-------- SUPPLIED RECORDS

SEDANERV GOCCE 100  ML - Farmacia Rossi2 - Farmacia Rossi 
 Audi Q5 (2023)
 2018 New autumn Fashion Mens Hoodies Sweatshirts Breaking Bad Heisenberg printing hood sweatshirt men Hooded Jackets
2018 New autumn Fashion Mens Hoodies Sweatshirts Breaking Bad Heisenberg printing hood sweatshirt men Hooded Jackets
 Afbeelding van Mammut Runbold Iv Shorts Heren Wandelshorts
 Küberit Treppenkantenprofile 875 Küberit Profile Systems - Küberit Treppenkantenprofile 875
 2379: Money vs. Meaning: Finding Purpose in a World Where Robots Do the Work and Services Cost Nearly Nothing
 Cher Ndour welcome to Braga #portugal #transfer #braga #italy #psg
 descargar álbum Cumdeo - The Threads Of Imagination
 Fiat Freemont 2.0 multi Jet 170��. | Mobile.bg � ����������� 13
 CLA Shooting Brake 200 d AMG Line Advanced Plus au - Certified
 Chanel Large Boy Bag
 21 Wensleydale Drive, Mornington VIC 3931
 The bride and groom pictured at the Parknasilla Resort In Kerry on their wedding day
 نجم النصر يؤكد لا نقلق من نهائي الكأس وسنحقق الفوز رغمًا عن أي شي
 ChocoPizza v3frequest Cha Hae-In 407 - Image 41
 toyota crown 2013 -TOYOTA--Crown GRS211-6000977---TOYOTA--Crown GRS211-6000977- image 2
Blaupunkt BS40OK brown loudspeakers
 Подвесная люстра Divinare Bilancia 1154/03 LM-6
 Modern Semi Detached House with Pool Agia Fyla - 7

----------------

**WORK TO BE COMPLETED**
Every record must be set down again exactly.

**WORKED SOLUTION**
SEDANERV GOCCE 100  ML - Farmacia Rossi2 - Farmacia Rossi 
 Audi Q5 (2023)
 2018 New autumn Fashion Mens Hoodies Sweatshirts Breaking Bad Heisenberg printing hood sweatshirt men Hooded Jackets
2018 New autumn Fashion Mens Hoodies Sweatshirts Breaking Bad Heisenberg printing hood sweatshirt men Hooded Jackets
 Afbeelding van Mammut Runbold Iv Shorts Heren Wandelshorts
 Küberit Treppenkantenprofile 875 Küberit Profile Systems - Küberit Treppenkantenprofile 875
 2379: Money vs. Meaning: Finding Purpose in a World Where Robots Do the Work and Services Cost Nearly Nothing
 Cher Ndour welcome to Braga #portugal #transfer #braga #italy #psg
 descargar álbum Cumdeo - The Threads Of Imagination
 Fiat Freemont 2.0 multi Jet 170��. | Mobile.bg � ����������� 13
 CLA Shooting Brake 200 d AMG Line Advanced Plus au - Certified
 Chanel Large Boy Bag
 21 Wensleydale Drive, Mornington VIC 3931
 The bride and groom pictured at the Parknasilla Resort In Kerry on their wedding day
 نجم النصر يؤكد لا نقلق من نهائي الكأس وسنحقق الفوز رغمًا عن أي شي
 ChocoPizza v3frequest Cha Hae-In 407 - Image 41
 toyota crown 2013 -TOYOTA--Crown GRS211-6000977---TOYOTA--Crown GRS211-6000977- image 2
Blaupunkt BS40OK brown loudspeakers
 Подвесная люстра Divinare Bilancia 1154/03 LM-6
 Modern Semi Detached House with Pool Agia Fyla - 7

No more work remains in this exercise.